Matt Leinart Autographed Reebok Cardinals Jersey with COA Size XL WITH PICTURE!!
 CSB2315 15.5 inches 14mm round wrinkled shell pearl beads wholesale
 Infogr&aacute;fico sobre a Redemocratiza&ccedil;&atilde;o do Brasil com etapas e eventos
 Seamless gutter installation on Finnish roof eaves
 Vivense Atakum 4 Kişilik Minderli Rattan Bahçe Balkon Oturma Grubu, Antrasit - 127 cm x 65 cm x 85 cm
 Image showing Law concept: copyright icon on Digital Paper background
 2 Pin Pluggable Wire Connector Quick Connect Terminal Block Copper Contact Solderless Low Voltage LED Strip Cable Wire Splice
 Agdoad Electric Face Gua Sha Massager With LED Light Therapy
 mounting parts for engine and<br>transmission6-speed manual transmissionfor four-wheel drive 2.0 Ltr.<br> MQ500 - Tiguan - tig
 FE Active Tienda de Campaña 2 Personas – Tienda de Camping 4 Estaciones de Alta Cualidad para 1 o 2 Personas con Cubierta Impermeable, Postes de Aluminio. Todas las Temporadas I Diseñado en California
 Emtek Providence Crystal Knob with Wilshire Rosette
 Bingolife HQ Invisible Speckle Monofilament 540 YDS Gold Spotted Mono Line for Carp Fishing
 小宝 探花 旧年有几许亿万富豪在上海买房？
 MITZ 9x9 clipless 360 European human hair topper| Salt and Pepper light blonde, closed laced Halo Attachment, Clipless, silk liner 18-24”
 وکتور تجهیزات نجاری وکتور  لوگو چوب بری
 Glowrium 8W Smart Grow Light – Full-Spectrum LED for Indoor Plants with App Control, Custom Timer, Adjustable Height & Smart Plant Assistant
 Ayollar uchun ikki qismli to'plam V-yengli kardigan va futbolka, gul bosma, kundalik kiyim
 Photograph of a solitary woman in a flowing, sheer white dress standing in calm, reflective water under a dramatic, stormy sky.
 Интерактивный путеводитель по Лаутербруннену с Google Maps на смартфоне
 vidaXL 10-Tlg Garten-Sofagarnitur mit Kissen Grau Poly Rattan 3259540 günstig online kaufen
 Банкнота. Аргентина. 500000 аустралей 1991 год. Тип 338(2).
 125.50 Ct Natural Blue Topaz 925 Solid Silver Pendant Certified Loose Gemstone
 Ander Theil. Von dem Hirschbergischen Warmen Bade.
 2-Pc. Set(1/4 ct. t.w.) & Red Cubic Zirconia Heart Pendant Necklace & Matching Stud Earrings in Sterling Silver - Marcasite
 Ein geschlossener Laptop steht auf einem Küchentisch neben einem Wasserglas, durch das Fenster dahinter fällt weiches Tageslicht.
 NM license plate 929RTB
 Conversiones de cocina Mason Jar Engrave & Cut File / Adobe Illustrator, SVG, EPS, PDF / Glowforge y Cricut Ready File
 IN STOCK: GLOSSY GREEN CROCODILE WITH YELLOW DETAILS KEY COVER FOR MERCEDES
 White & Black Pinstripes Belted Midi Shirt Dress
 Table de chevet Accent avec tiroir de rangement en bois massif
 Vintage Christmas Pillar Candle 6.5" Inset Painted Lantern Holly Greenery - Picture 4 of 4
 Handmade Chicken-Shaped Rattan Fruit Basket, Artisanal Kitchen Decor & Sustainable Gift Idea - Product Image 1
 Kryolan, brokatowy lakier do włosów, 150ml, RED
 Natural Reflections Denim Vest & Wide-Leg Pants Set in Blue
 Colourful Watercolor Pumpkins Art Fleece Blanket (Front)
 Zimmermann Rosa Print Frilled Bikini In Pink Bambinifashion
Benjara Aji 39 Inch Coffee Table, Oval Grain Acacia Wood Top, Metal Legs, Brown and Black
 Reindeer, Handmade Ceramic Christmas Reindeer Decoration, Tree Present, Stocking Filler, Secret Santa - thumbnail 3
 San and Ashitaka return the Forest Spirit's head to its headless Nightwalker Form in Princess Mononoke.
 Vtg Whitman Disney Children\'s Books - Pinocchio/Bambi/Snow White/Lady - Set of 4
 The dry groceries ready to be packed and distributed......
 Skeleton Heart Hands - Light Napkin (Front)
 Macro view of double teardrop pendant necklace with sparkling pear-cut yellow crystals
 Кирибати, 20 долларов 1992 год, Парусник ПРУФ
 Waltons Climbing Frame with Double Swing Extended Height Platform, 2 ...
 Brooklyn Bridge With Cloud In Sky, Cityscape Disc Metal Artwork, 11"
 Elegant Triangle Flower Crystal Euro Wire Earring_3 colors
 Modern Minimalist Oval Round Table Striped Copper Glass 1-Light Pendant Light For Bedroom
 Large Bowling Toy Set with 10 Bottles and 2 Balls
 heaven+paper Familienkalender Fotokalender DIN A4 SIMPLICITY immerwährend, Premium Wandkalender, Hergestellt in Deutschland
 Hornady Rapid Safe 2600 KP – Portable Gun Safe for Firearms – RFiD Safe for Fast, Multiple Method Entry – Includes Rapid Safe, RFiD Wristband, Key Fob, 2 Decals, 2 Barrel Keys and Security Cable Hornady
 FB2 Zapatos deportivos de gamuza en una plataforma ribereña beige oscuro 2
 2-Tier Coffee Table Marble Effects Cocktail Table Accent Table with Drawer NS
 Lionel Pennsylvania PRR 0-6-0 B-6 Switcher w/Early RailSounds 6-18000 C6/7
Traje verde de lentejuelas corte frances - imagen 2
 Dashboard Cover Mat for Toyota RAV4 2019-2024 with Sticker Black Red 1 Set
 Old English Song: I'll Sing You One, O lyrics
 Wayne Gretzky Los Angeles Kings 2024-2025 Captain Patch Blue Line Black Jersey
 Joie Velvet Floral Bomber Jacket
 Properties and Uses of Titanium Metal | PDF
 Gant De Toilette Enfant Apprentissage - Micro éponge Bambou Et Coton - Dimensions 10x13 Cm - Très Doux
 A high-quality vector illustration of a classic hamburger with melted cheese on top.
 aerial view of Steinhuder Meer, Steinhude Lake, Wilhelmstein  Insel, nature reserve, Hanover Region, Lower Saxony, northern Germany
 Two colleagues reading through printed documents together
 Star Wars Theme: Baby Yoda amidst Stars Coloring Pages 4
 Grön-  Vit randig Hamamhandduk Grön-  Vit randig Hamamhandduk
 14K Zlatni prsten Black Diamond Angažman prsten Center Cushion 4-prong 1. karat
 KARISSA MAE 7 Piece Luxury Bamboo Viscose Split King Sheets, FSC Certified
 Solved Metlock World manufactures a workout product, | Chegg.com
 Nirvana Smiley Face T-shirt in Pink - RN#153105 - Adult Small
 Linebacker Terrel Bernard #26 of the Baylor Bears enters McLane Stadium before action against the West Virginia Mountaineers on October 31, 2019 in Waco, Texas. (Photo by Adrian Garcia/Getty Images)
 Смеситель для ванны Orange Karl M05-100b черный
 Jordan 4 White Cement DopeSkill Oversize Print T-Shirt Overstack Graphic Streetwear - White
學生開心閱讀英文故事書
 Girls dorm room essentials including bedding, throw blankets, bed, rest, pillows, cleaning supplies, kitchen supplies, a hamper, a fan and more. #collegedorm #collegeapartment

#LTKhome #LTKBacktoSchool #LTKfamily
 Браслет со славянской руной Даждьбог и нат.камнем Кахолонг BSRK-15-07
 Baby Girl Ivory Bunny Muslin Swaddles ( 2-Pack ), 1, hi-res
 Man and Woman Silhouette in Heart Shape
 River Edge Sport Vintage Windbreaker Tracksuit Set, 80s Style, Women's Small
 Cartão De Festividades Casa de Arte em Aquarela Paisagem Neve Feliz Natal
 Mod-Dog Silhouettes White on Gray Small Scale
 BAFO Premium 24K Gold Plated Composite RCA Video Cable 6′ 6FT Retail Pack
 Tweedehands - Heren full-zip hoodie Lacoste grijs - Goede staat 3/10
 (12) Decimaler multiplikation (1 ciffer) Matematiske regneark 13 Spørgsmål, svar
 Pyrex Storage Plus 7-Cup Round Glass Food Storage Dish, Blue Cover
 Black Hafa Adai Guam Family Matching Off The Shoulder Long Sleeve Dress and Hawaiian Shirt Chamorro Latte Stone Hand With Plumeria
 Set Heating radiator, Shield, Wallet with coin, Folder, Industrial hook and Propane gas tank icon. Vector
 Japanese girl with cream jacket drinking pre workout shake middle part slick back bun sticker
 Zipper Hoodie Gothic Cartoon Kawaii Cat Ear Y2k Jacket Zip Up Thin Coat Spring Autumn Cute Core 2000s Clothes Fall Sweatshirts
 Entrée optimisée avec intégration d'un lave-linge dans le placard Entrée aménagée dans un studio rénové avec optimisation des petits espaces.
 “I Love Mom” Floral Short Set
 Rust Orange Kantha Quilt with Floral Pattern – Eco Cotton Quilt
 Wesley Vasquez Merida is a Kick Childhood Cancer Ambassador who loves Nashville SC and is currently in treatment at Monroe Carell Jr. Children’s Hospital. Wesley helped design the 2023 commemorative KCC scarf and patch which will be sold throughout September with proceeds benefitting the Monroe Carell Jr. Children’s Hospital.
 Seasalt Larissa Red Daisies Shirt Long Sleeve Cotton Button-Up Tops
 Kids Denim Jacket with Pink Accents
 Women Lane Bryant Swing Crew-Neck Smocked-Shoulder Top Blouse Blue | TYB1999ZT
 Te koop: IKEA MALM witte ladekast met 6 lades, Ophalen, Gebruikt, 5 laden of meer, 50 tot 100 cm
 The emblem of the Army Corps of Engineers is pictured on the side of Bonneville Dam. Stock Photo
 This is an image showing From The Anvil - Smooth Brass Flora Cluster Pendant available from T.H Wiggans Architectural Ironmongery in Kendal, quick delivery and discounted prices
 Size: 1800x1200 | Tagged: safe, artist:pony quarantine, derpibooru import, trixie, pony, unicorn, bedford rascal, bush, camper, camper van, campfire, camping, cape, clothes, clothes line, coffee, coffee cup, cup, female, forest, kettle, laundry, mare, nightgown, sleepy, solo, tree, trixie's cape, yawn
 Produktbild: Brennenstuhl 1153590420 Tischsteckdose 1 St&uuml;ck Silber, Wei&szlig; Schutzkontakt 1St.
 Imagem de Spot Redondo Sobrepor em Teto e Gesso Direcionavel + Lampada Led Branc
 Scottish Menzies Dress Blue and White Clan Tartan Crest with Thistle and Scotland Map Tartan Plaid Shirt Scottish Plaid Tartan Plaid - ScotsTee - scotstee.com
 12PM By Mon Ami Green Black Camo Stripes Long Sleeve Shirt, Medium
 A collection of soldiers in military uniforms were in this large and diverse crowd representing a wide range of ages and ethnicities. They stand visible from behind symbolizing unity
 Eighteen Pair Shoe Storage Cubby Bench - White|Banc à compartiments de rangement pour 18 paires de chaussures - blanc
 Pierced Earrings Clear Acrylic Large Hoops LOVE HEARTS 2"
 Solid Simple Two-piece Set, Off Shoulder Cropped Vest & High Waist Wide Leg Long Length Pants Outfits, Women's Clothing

* * * * * * * * *

WHAT THE TASK REQUIRES ::
Nothing but the lines from the top of the records down to the line with "Seamless gutter installation" belongs in the answer; repeat them exactly.

RESULT OF THE EXERCISE ::
Matt Leinart Autographed Reebok Cardinals Jersey with COA Size XL WITH PICTURE!!
 CSB2315 15.5 inches 14mm round wrinkled shell pearl beads wholesale
 Infogr&aacute;fico sobre a Redemocratiza&ccedil;&atilde;o do Brasil com etapas e eventos
 Seamless gutter installation on Finnish roof eaves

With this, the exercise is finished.